> _About this exercise_
When you reach the line containing "Western blot analysis", please repeat it and every line after it exactly, through the end of the listing below, skipping pictures.

──────── Supplied data ────────

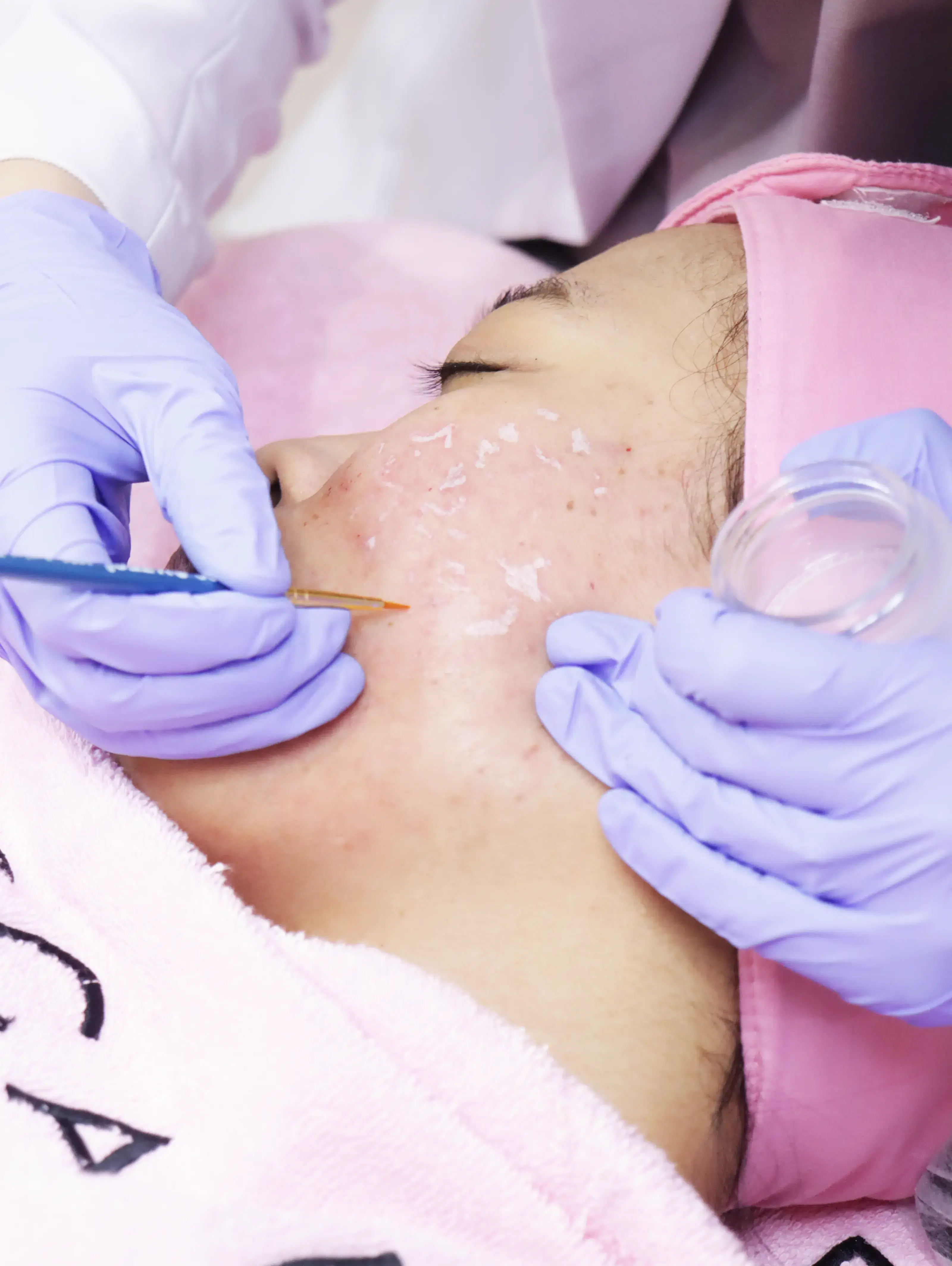 Scars Peeling treatment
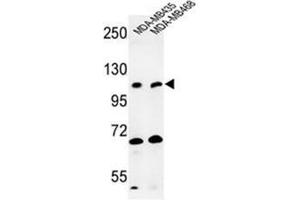 Western blot analysis of EXTL3 Antibody (N-term) in MDA-MB435, MDA-MB468 cell line lysates (35ug/lane).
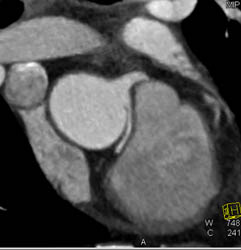 RCA Arises Off Left Cusp - CTisus CT Scan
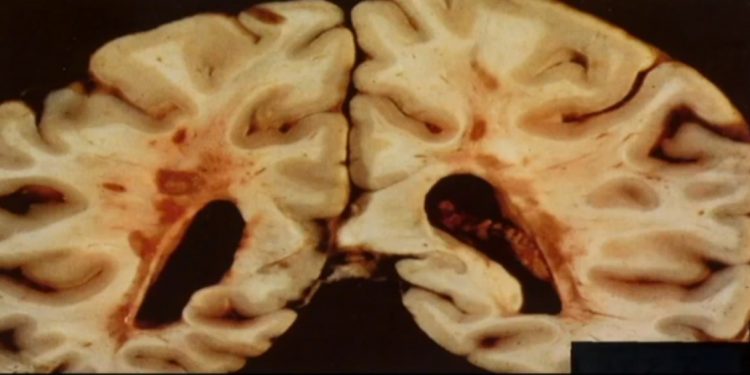 Роль гематоэнцефалического барьера в неврологических заболеваниях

────────

> _Worked solution_
 Western blot analysis of EXTL3 Antibody (N-term) in MDA-MB435, MDA-MB468 cell line lysates (35ug/lane).
 RCA Arises Off Left Cusp - CTisus CT Scan
 Роль гематоэнцефалического барьера в неврологических заболеваниях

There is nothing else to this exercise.